Highlights in today’s half-year report include revenue almost 25% higher than a year ago, underlying operating profit moving up 11% and a decline of just over 40% in the firm’s net debt figure on the balance sheet. The directors pushed up the interim dividend almost 5% in a sign of confidence in the outlook.
Earnings per share declined by almost 12%, but I don’t think that’s anything to worry about. Last year, a deferred tax credit flattered the earnings result and this year the share count is a little higher because of a £10m capital raising event in March. The company wanted the money to move forward with its acquisition programme and reports five completed during 2017 so far and 11 since first listing on the stock market in 2014.
The directors reckon they are “confident” of completing more acquisition deals in the second half of the year, which is encouraging because the firm has become a consolidator in the fragmented fluid power sector. I reckon such a strategy could lead to a critical mass of business that leads to an irresistible offering for Flowtech’s customers, based on an efficient and lower-cost distribution service.
Acquisitive growth in the UK, Ireland and continental Europe is running alongside good organic progress, and City analysts following the firm expect earnings to advance 36% this year and 12% during 2018. Meanwhile, at today’s 134p share price, the forward price-to-earnings (P/E) ratio for 2018 sits just below nine and the forward dividend yield at almost 4.6%. Those forward earnings should cover the payout around two-and-a-half times. Assuming that Europe’s economies are not about to fall off a cliff, I think these indicators represent good value.
Over at Servelec Group (LSE: SERV), yesterday’s interim results report sent the shares into a bit of a tail spin and at 240p, the price is around 16% lower than it was at the end of last week. The UK-based technology firm provides software, hardware and services to the UK healthcare, local government, nuclear, power, utilities, oil and gas sectors, but as you might have guessed, there’s a problem.

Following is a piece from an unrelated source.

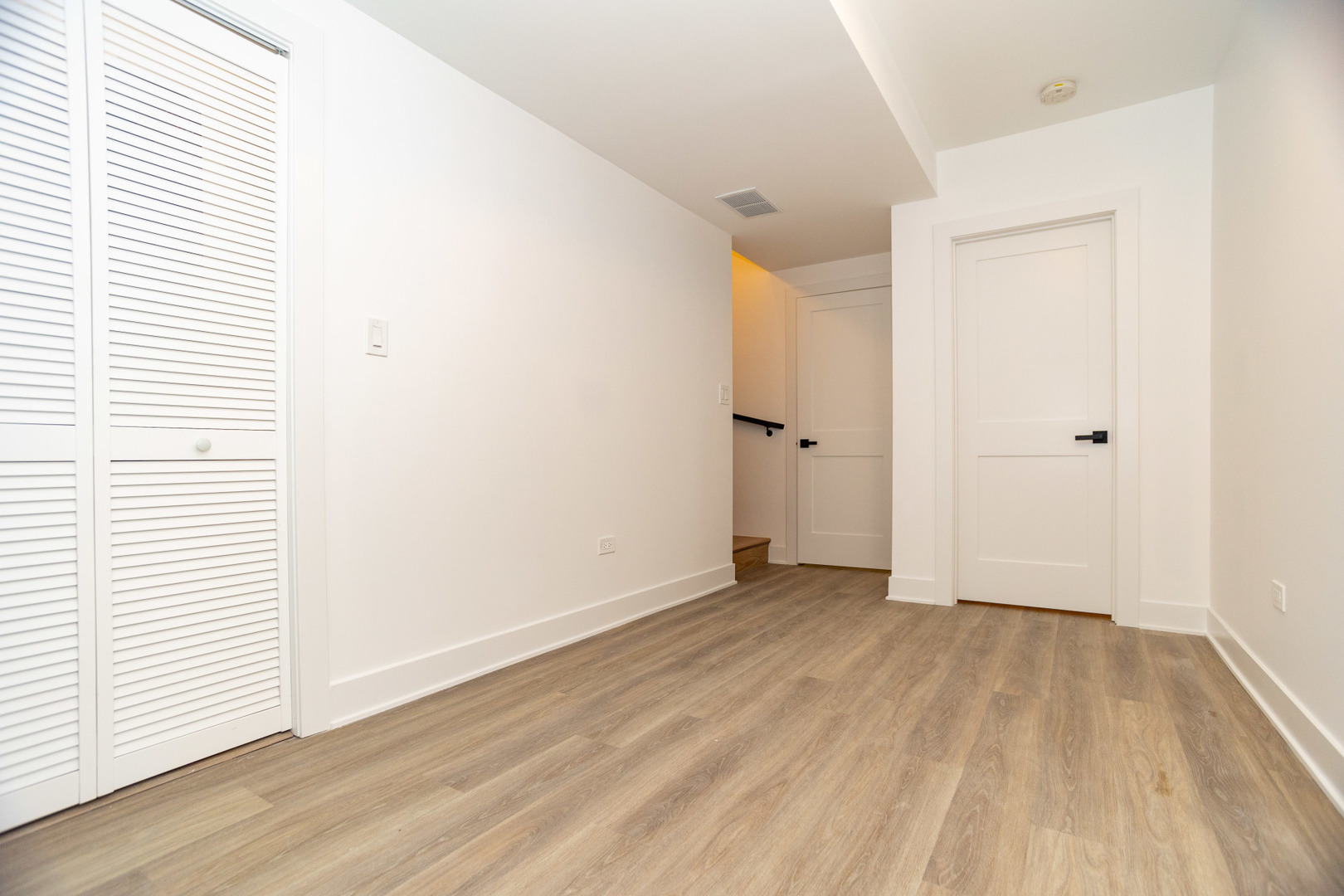 1723 West Pierce Avenue, Unit 1 Chicago, IL 60622 - Photo 17 of 24 an empty room with wooden floor and white walls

Positive long-term outlook
Chief executive Alan Stubbs tells us in the report that a deferment in customer demand in its technologies division, and in the power and infrastructure segment of its controls division, will likely affect short-term progress. But he assures us that the health and social care division, and the oil and gas segment of the controls division, are performing well and he is positive about the longer-term prospects of the company.

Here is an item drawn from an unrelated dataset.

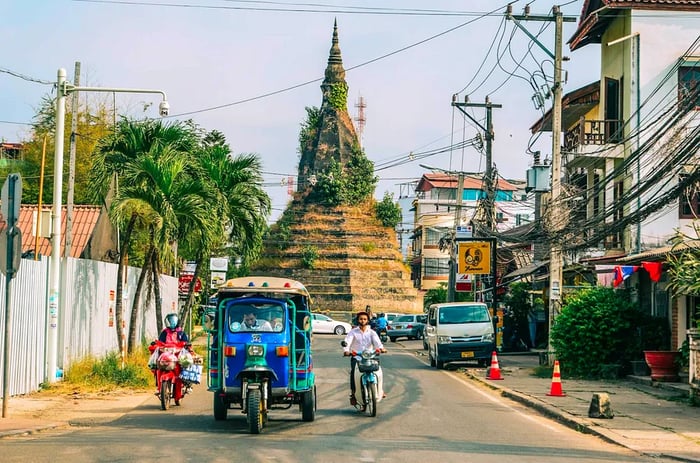 A tuk-tuk taxi navigates a street in Vientiane, Laos.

Such short-term challenges in an otherwise decent long-term story can spell opportunity for us investors and the first-half numbers show us the firm’s potential when things are going well. Compared to a year ago, revenue lifted 11%, adjusted diluted earnings per share rose 45%, and the firm’s net debt figure declined by a healthy-looking 54%. The directors indicated their ongoing confidence in the bigger-picture outlook by pushing up the dividend by 21%. I think Servelec is interesting right now and one to keep a close eye on.